Often, when Nevada residents think of closing an estate, they think of distributing the decedent’s assets to remaining loved ones. While this action is part of probate, the process does not focus solely on the assets of the estate. In fact, the executor will need to ensure that he or she properly addresses the remaining debts of the estate as well.
Handling someone else’s debt is not an easy task because it is not always immediately clear who is owed something from the estate. The executor will need to gather records of outstanding debts and notify creditors about the person’s passing. At that time, the creditors can make claims against the estate in efforts to receive at least a portion of what they are owed.

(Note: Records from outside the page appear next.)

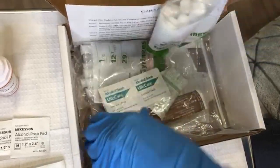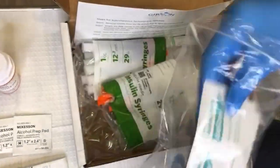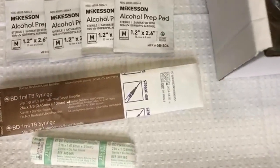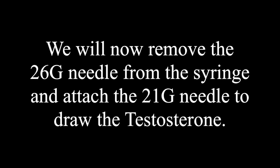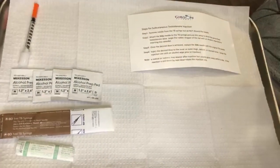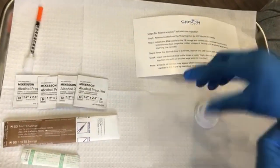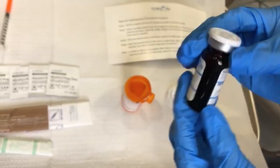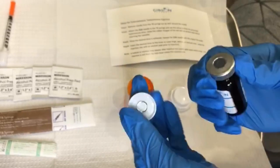You'll be receiving a kit from the pharmacy which should include all the supplies needed to administer your injections. So at this point we're ready to go ahead and draw the medication from the vial. Pop the cap off of the vial and clean the top of the vial thoroughly with an alcohol pad.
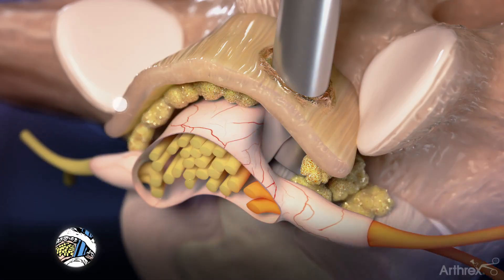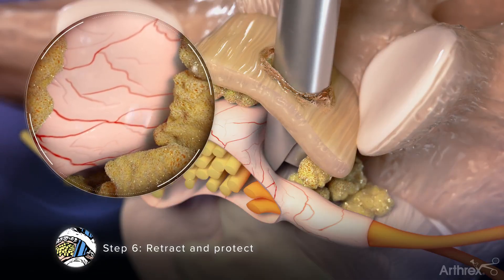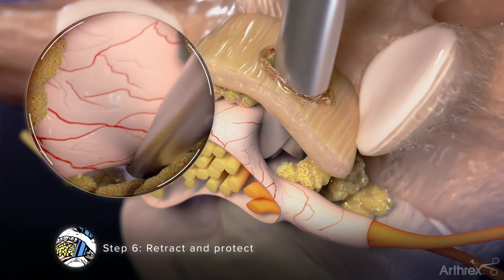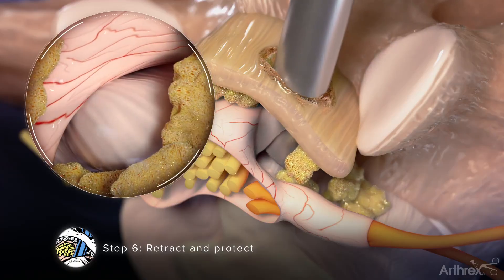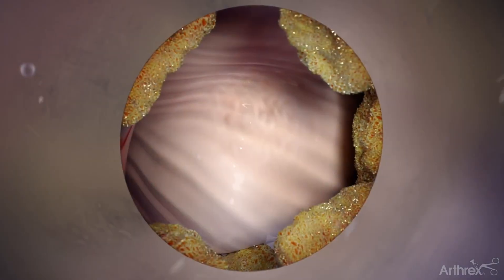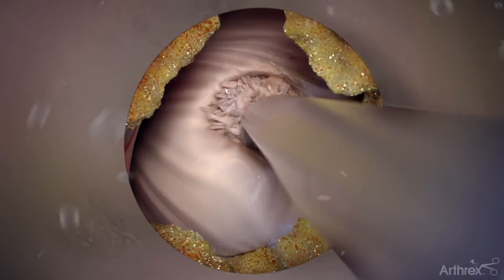Step 6: Retract and Protect. Mobilize the nerve root by using instruments such as a blunt tip elevator, nerve hook, and articulating probe to release any scar tissue that may be adhered to the dura. Once the nerve root has been mobilized, advance and rotate the cannula to retract and protect the nerve root. With the nerve root retracted and protected, use a blunt instrument such as an elevator to put pressure on the annulus, releasing the nucleus pulposus.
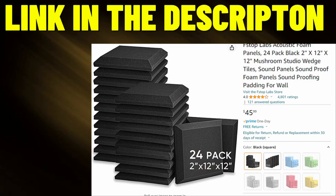What's up everyone, Danny Leinem back with another video. Today we put up 25 of the F-Stop Labs acoustic foam panels. In a minute we'll switch to what this room sounded like without the panels, but right now you're hearing what it sounds like with the panels installed.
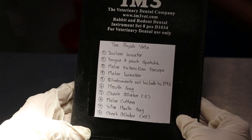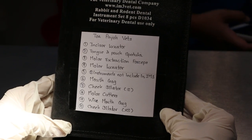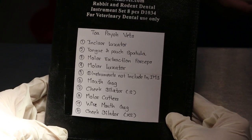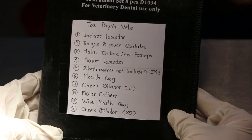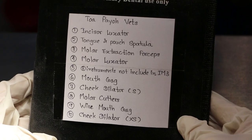In this bag there is a list of instruments especially for rabbit or rodent dentistry. We will show the list and then read through it.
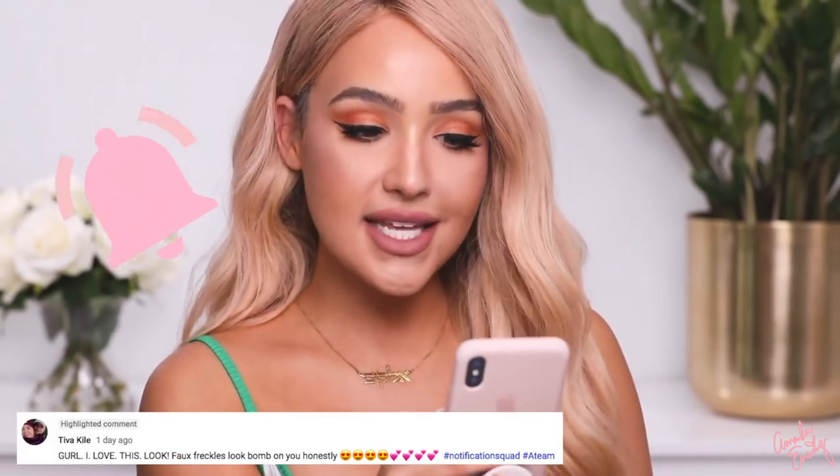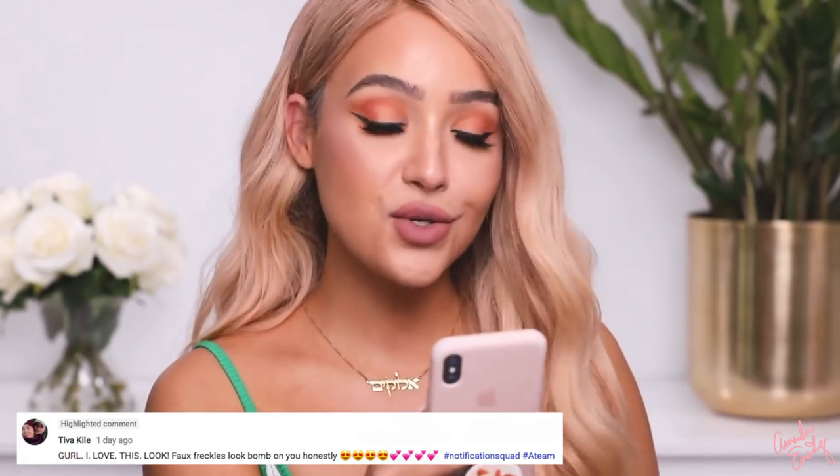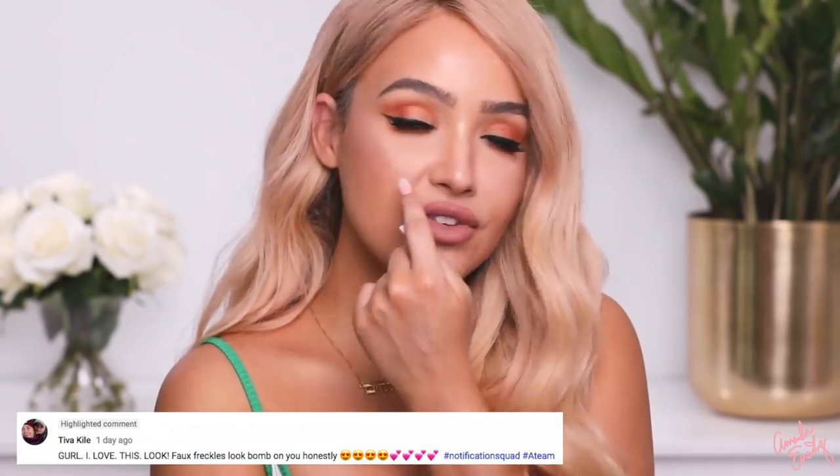I hope you enjoyed this video and me switching it up a little today doing more of a review instead of a makeup tutorial. I hope you guys are having the best day ever. Today's A-Team shoutout goes to Teva Kiel, who said, 'Girl, I love this look. Faux freckles look bomb on you.' Hashtag notification squad, hashtag A-Team — thanks girl! You guys are amazing. Thank you so much for watching. I love you guys so much. Let me know down below what video you guys want to see next. I'll see you guys in my next video. Bye!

It is important to note that debts are paid through the remaining funds and assets of the estate and typically do not come out of the pockets of surviving loved ones unless a person is also associated with the debt, such as a co-signer on a loan. Still, paying debts out of remaining funds could mean that surviving family members will receive a lower inheritance than expected unless the assets are not included as part of the estate, which could include payable-on-death accounts such as:
- Retirement accounts
- Brokerage accounts
- Life insurance policies
- Other payable-on-death accounts with named beneficiaries
It is also essential that the executor handles the debts associated with the Nevada estate before distributing any assets to heirs or beneficiaries. If assets are distributed too early, there may not be enough funds left to cover necessary debts, which could result in the executor being liable for the outstanding balances. Because the order of events and other details of probate are crucial to understand, having professional legal help during this process is often beneficial.